Data extract
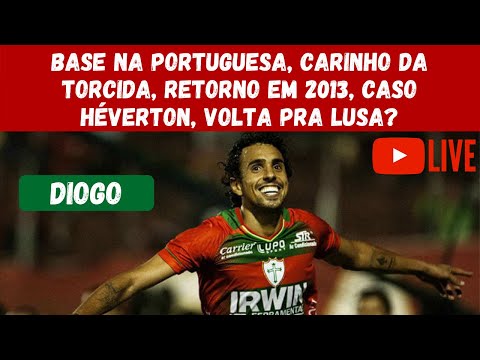 DIOGO FALA SOBRE BENAZZI E TORCIDA DA LUSA, CRITICA ANTIGAS GESTÕES, CASO HÉVERTON...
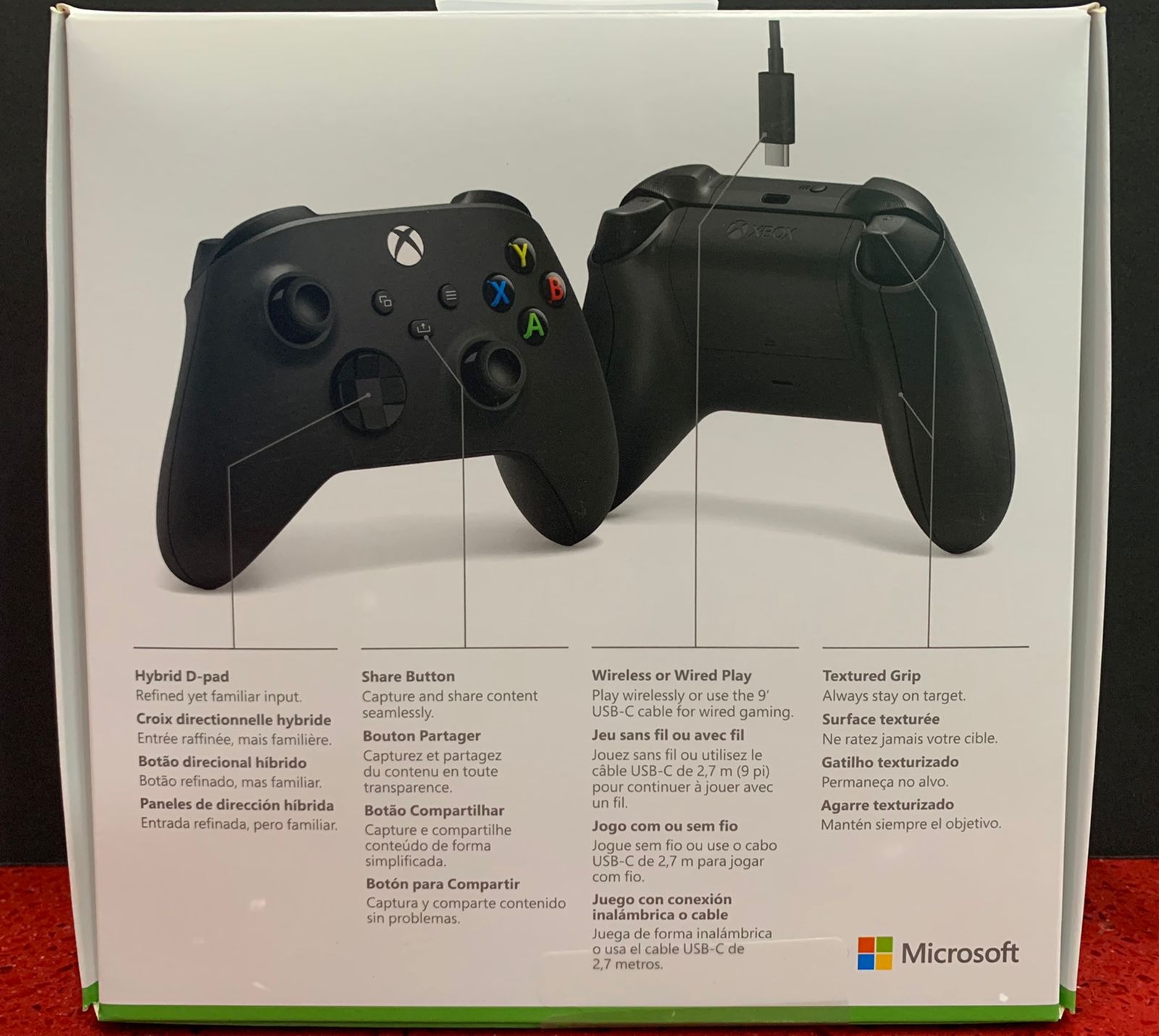 CARGA Y JUEGA + CABLE USB-C XBOX SERIES X [889842590371] : ARIX  Distribuciones: Mayorista videojuegos, consolas, películas, smartphones,  tablets, ocio digital, electrodomesticos varios y accesorios, ARIX  Distribuciones: Mayorista videojuegos, consolas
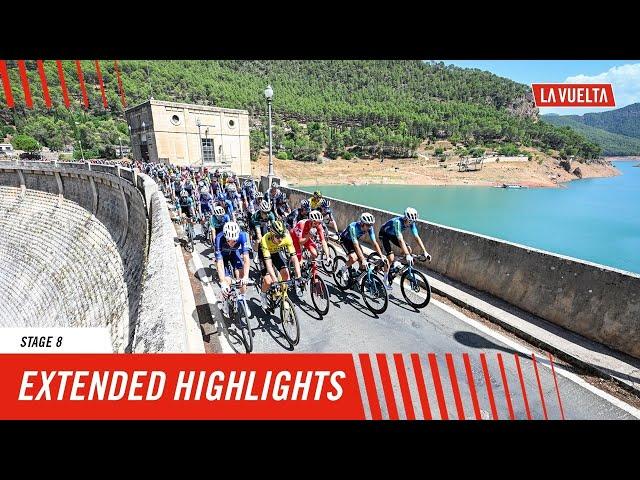 Extended Highlights - Stage 8 - La Vuelta 2024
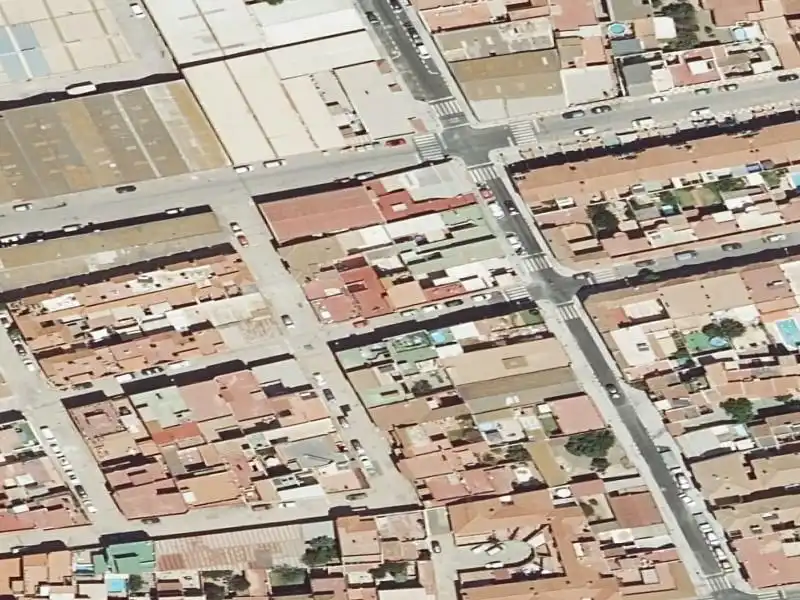 Vista exterior de Casa o chalet en venta en La Línea de la Concepción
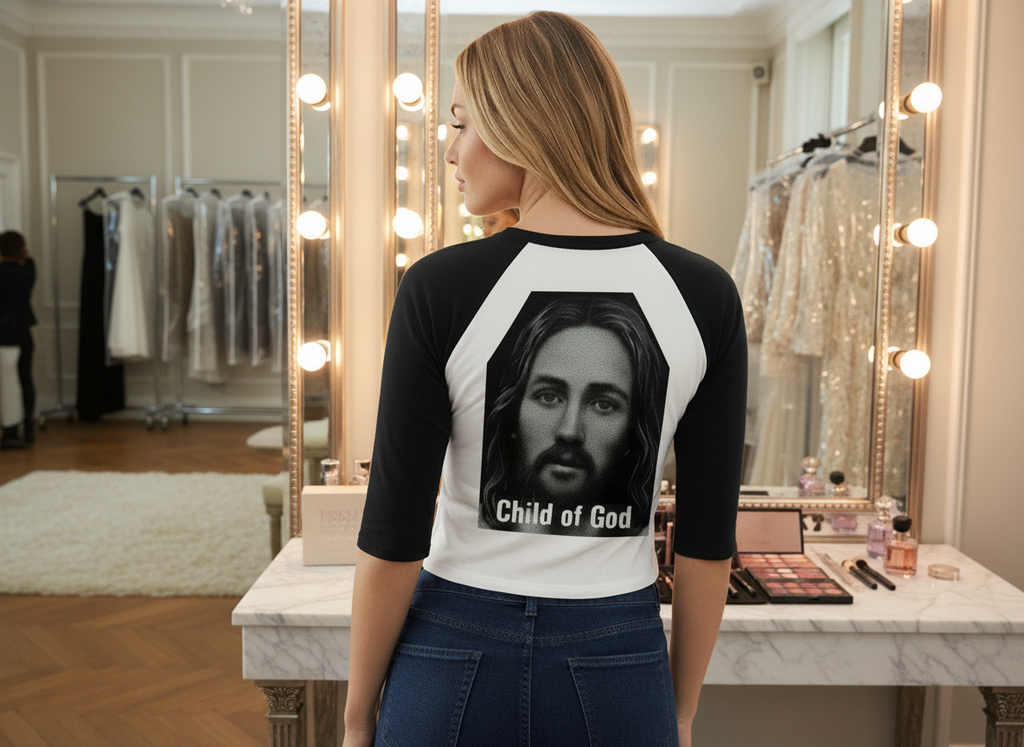 The Gospel Tee 100 backstage dressing room (lifestyle)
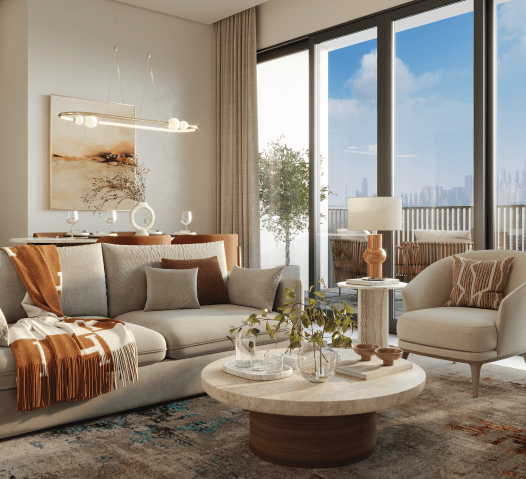 Sunvale 2 bedroom apartment interior layout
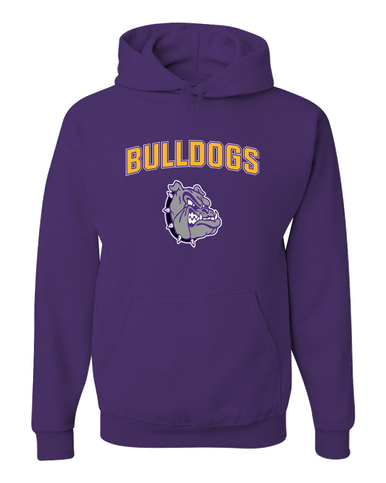 New Haven Bulldogs Mascot #6 Men's Premium Hoodie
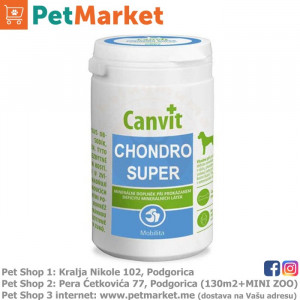 Canvit Chondro Super (Glukozamin za pse) 230g 76tbl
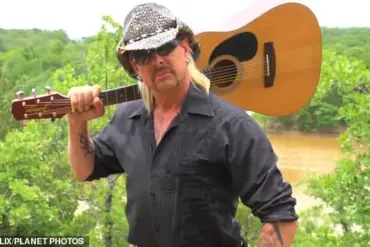 White House Reviews Joe Exotic's Pardon Plea, Reigniting Speculation About His Fate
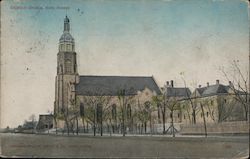 Catholic Church Postcard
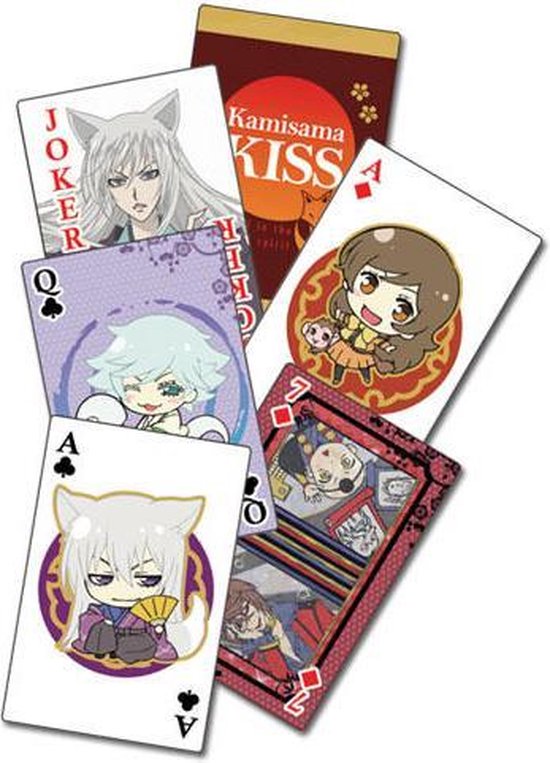 Afbeelding van het spel Kamisama Kiss 2 Speelkaarten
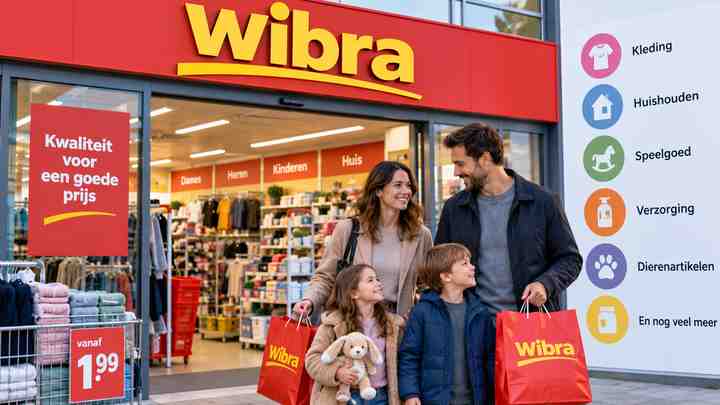 Wibra: a useful middle ground for families
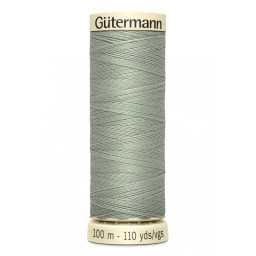 Bobine de Fil pour tout coudre Gutermann 100 m - N°261 gris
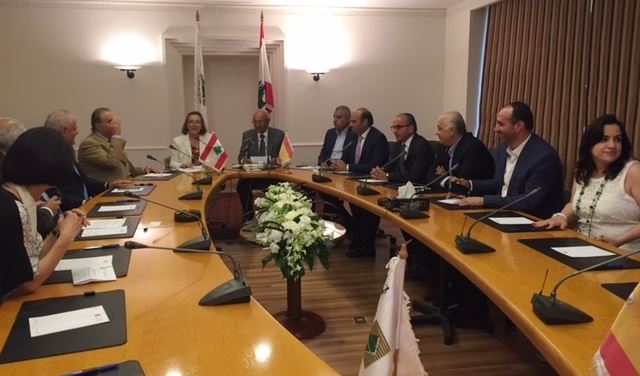 سفيرة اسبانيا زارت صيدا: ملتزمون دعم لبنان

Your objective
The lines from the one holding "New Haven Bulldogs" through the end of the material above are to be echoed exactly, both ends included. Do not include pictures.

Solution to this problem
 New Haven Bulldogs Mascot #6 Men's Premium Hoodie
 Canvit Chondro Super (Glukozamin za pse) 230g 76tbl
 White House Reviews Joe Exotic's Pardon Plea, Reigniting Speculation About His Fate
 Catholic Church Postcard
 Afbeelding van het spel Kamisama Kiss 2 Speelkaarten
 Wibra: a useful middle ground for families
 Bobine de Fil pour tout coudre Gutermann 100 m - N°261 gris
 سفيرة اسبانيا زارت صيدا: ملتزمون دعم لبنان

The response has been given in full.